Ladakhis, especially the nomadic herders in the border areas, have repeatedly complained of Chinese incursions into Indian territory. But prominent local personalities like 2018 Ramon Magsaysay Awardee Sonam Wangchuk say that the government led by Prime Minister Narendra Modi has done little about these.
Meanwhile, late last year, the Ladakh administration – essentially representing the central government under the Union Territory set-up – issued a draft industrial land allotment policy that would allow outsiders into Ladakh’s manufacturing sector; many noted as well that the draft policy did not mention the region’s influential hill councils, which had been the bodies deciding on such matters.
“If Ladakh is opened up to outsiders, it will be a disaster for the environment and culture that has been fine-tuned for thousands of years,” Wangchuk, an innovator and activist, told Asia Democracy Chronicles (ADC). “Moreover, it will make refugees out of locals.”
He had made similar assertions in an interview published by The Week magazine, where he elaborated, “As an environmentalist, I am deeply worried about the fragile ecosystem of the high Himalayas, including Ladakh’s glacier system, known as the ‘third pole’ of the planet. These glaciers sustain around two billion people, including a quarter of the world’s population. Introducing mining industries in these areas would harm both local communities and cause water shortages affecting the entire north Indian plains.”
Many other Ladakhis share Wangchuk’s views. In fact, the draft policy seems to have added more momentum to a community crusade that has brought Ladakh’s two bickering districts together.
At loggerheads
Spread over 66,898 square kilometers and renowned for its rugged beauty, Ladakh is the largest parliamentary constituency in India in terms of area. But the primarily agricultural region has a population of only about 303,000, living in two districts: predominantly Muslim Kargil and predominantly Buddhist Leh.

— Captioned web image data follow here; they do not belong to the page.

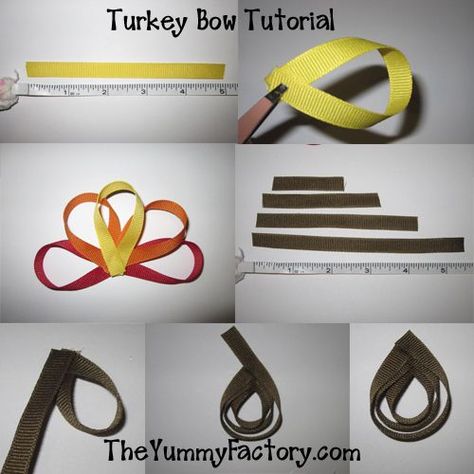 Turkey Ribbon Bow Tutorial & Thanksgiving ideas Turkey Hair Bow, Turkey Bow, Ribbon Bow Tutorial, Thanksgiving Hair Bows, Thanksgiving Bow, Thanksgiving Hair, Ribbon Sculptures, Tie Blanket, Ribbon Ideas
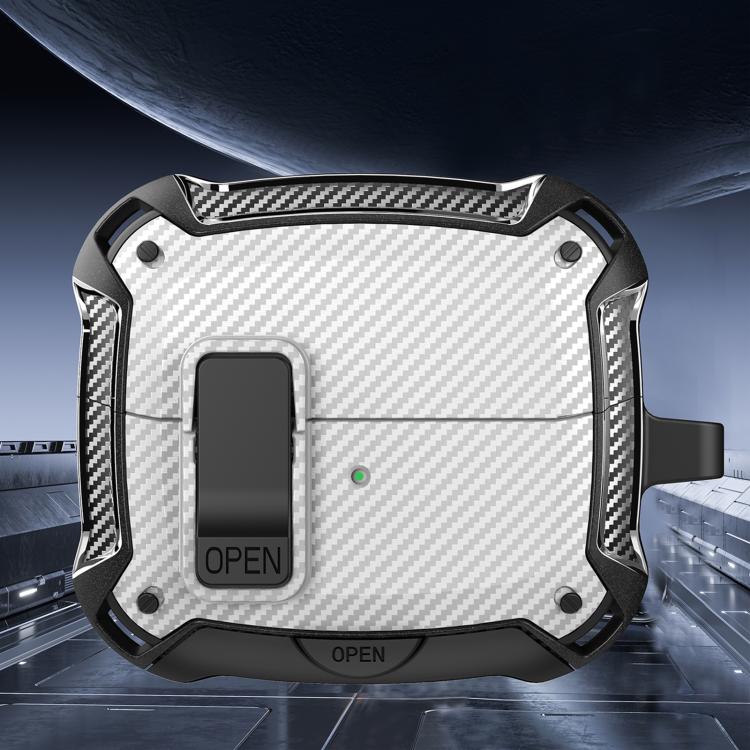 For Samsung Galaxy Buds3 / Buds3 Pro Bumblebee Fiber Texture Earphones Case with Hook & Holder(Black White)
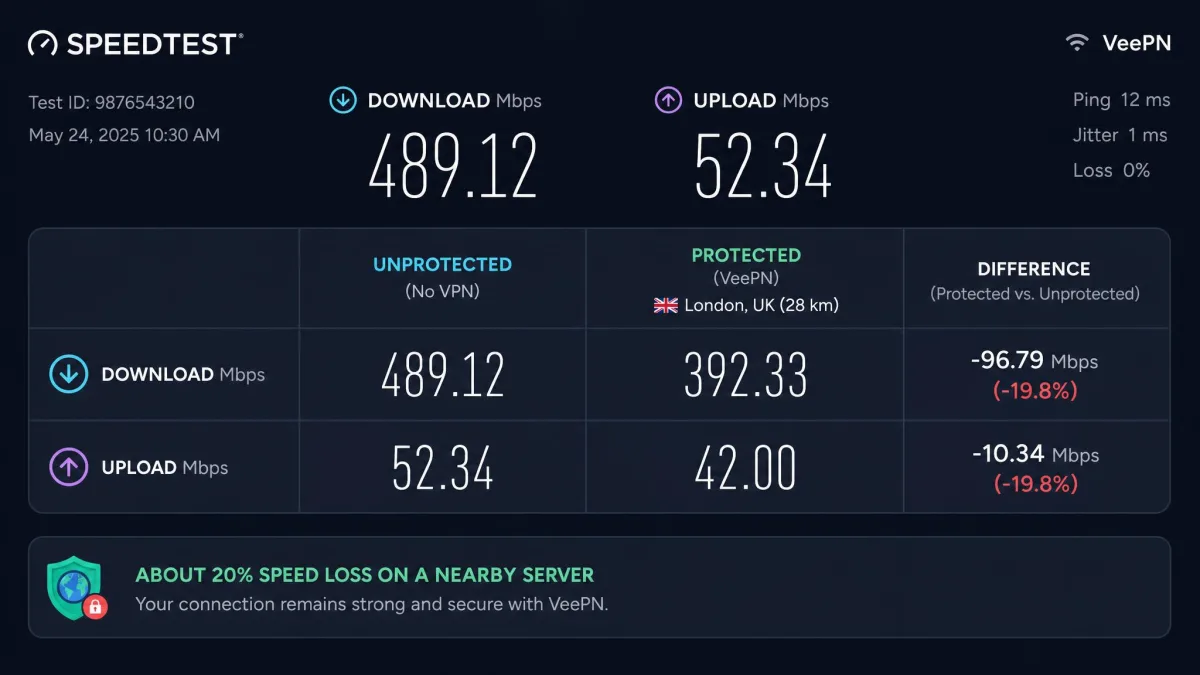 A speed-test result screen run over VeePN showing roughly 20 percent throughput loss on a nearby server, with download and upload figures displayed side by side against an unprotected baseline.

Although they have now united for the common cause of protecting Ladakh, the relationship between Buddhist and Muslim Ladakhis had been strained by numerous incidents, including violent clashes, a six-year boycott of Muslims, and allegations of ‘love jihad.’

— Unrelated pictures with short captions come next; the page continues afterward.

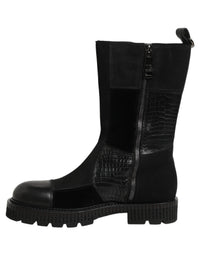 Black Patchwork Leather Mid Calf Boots Shoes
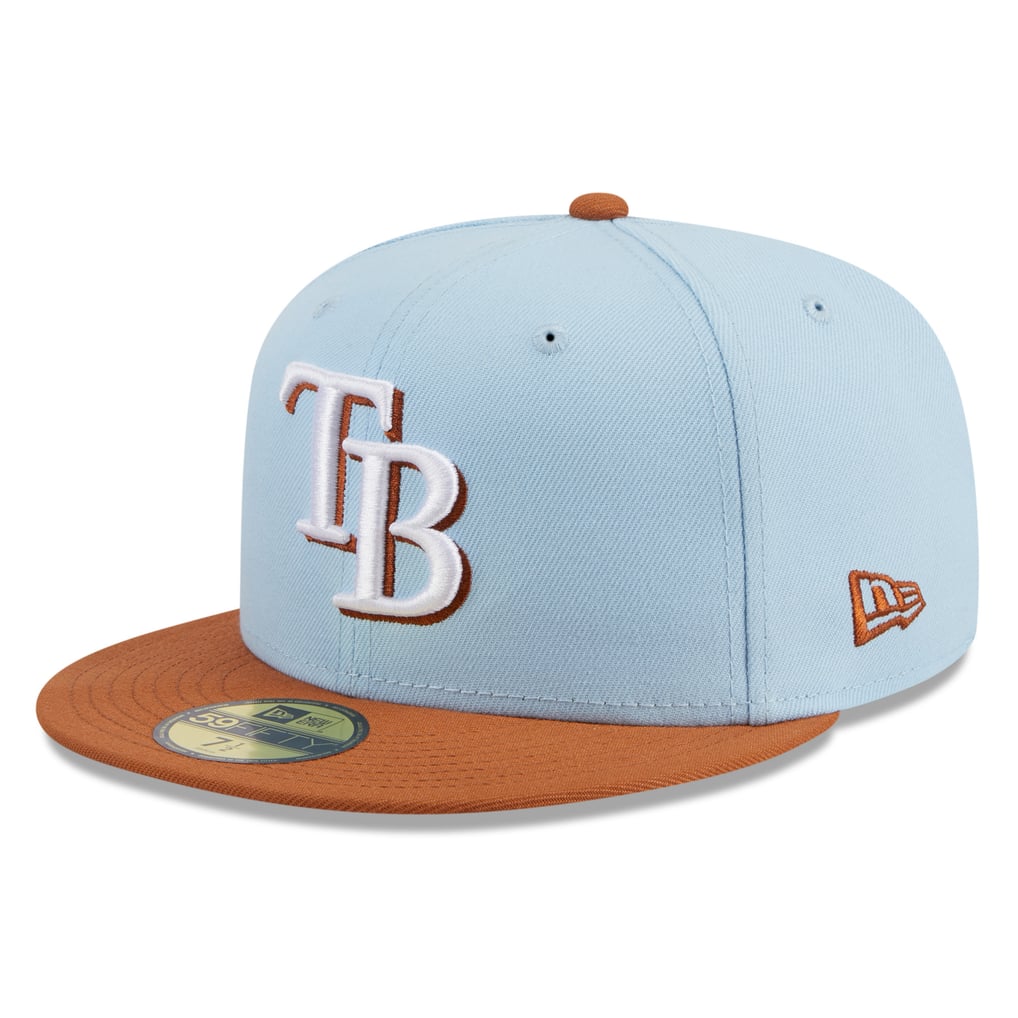 Tampa Bay Rays New Era Spring Color Basic Two-Tone 59FIFTY Fitted Hat - Light Blue/Brown
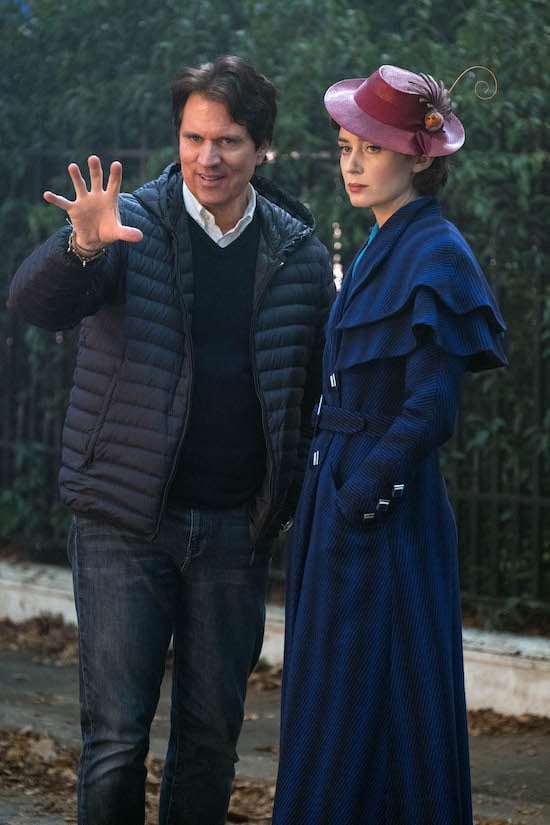 Rob Marshall and Emily Blunt on the set of Disney’s MARY POPPINS RETURNS,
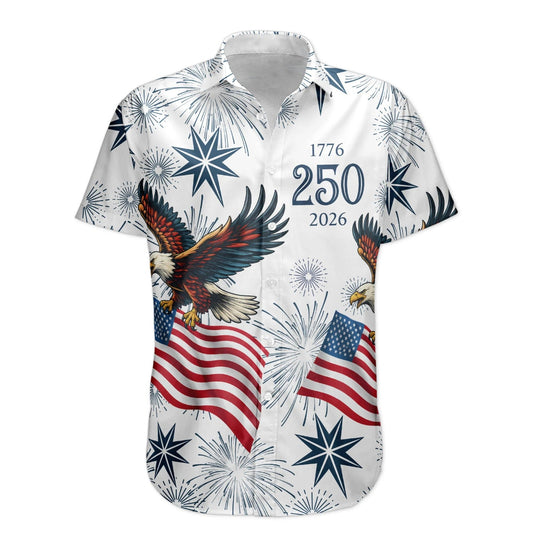 Men's American 250th Anniversary Art Print Hawaiian Shirt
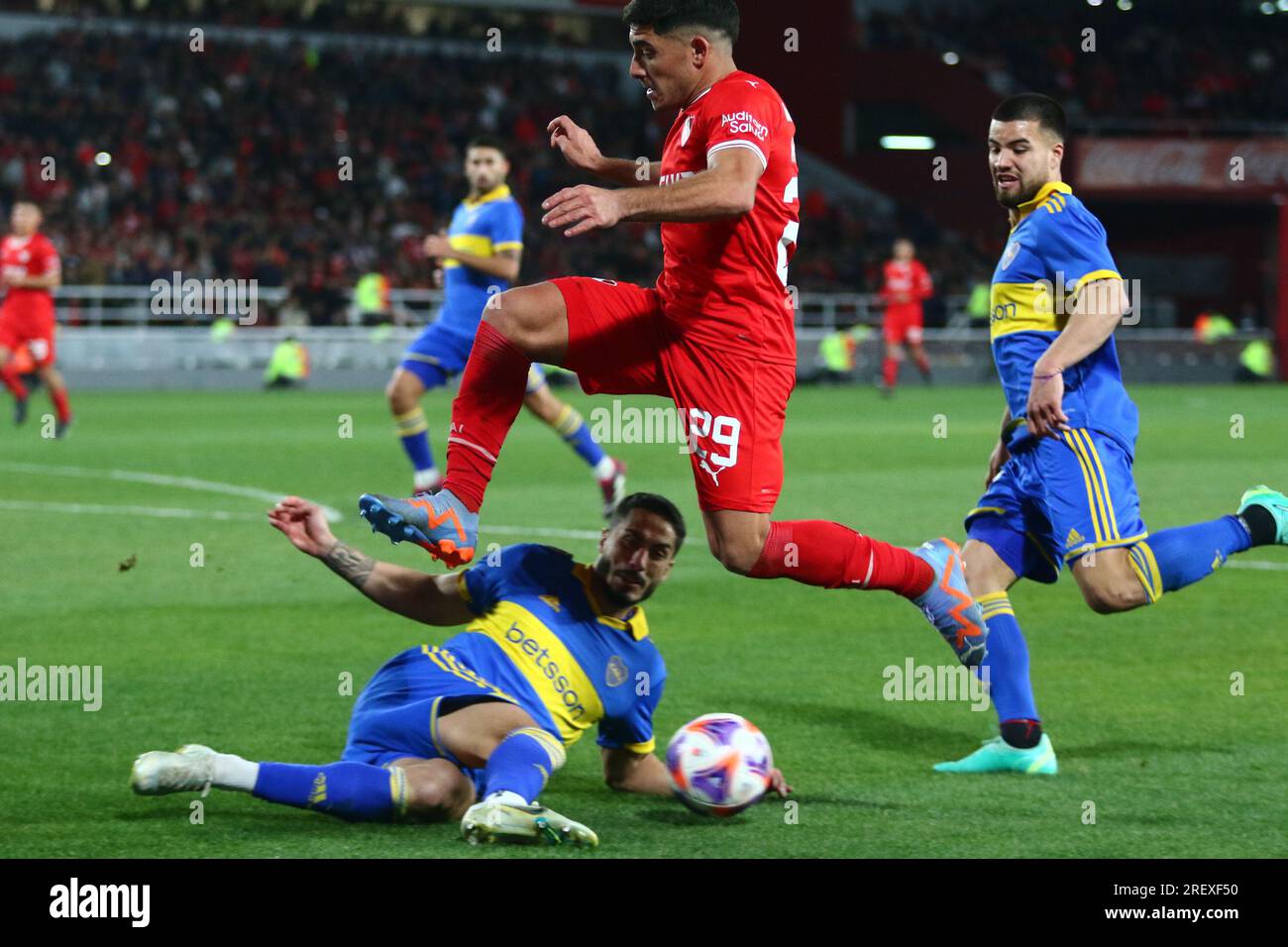 Buenos Aires, Argentine. 29 juillet 2023. Nicolas Figal de Boca Juniors lors d’un derby pour la 27e manche de la coupe Argentine Liga Profesional de Fútbol Binance au stade Libertadores de América ( crédit : Néstor J. Beremblum/Alamy Live News Banque D'Images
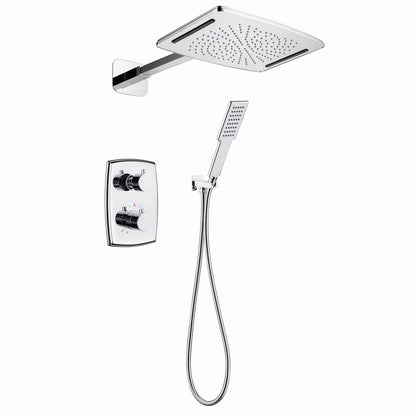 2-Handle 2-Spray High Pressure Wall Mount Shower Faucet in Polished Chrome (Valve Included)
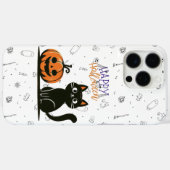 Coques Case-Mate iPhone Happy Halloween chat et citrouille (Verso (horizontal))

Kargil and Leh even had opposite reactions when the government led by Modi’s Bharatiya Janata Party (BJP) sliced off Ladakh from the state of Jammu and Kashmir in August 2019 and brought it under direct federal rule as a Union Territory. While Kargil erupted in protests, Leh lit fireworks, celebrating the change.

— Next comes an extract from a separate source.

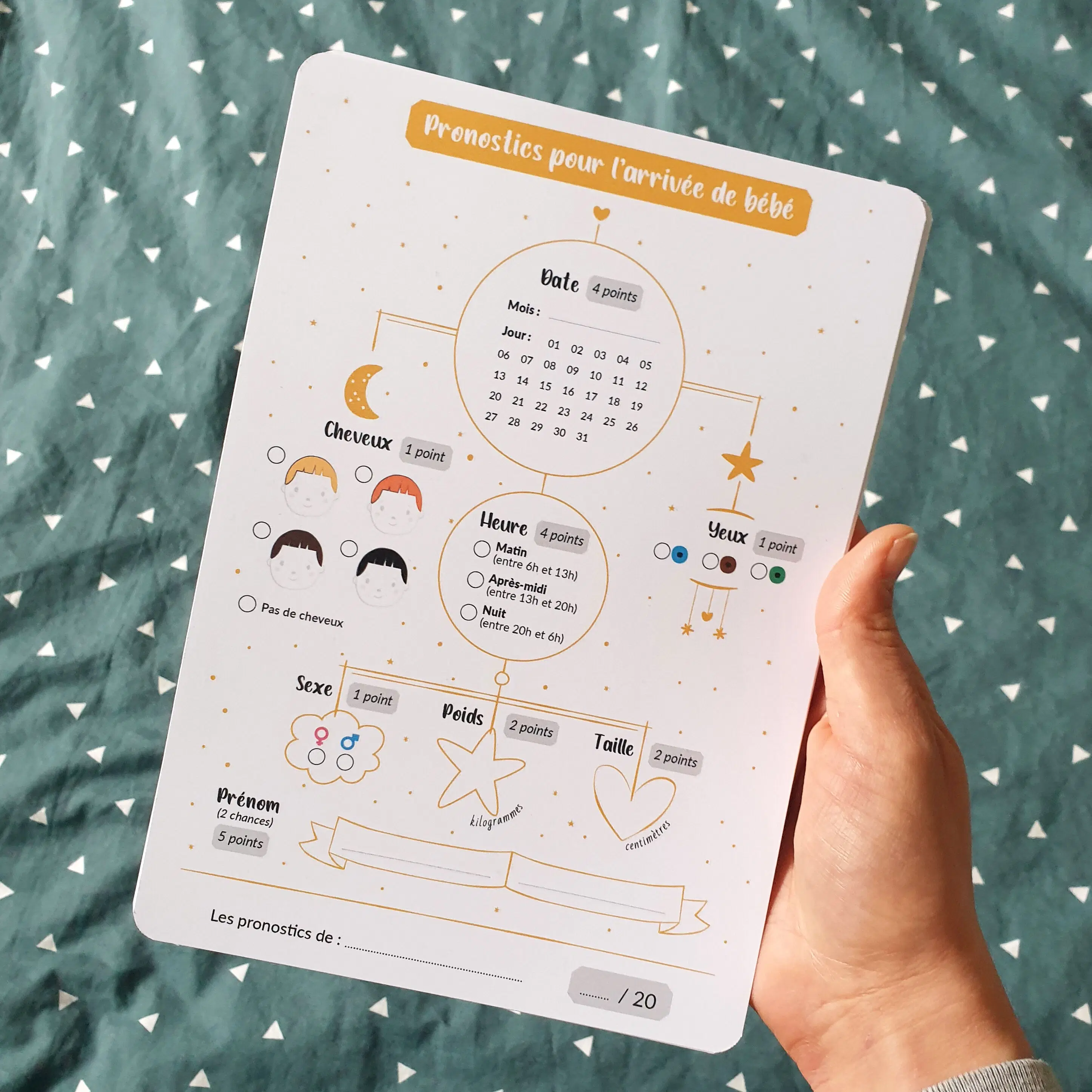 Cartes de pronostics pour la naissance de bébé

Under the Jammu and Kashmir government, Ladakhis from Leh had especially felt marginalized and underrepresented in state governance.
“In 2019, Ladakh supported and voted for the ruling BJP because it had repeatedly pledged to grant Ladakh a separate territory status,” said Padma Stanzin, coordinator at the Apex Body Leh (ABL), which represents several Buddhist religious and political parties. “However, in the past five years, they [BJP] have done nothing but harm Ladakh. There is a clear sense of insecurity in the region. Ladakh has become a bureaucratic system where officers call the shots.”
“When Ladakh was separated from Jammu and Kashmir, Buddhists initially celebrated, believing it freed them from Kashmiri influence,” said Dr. Tsering Phuntsog, former general secretary of the Ladakh Buddhists Association (LBA). “But later, we realized it was part of a larger governmental strategy of disenfranchising Ladakhis in their homeland.”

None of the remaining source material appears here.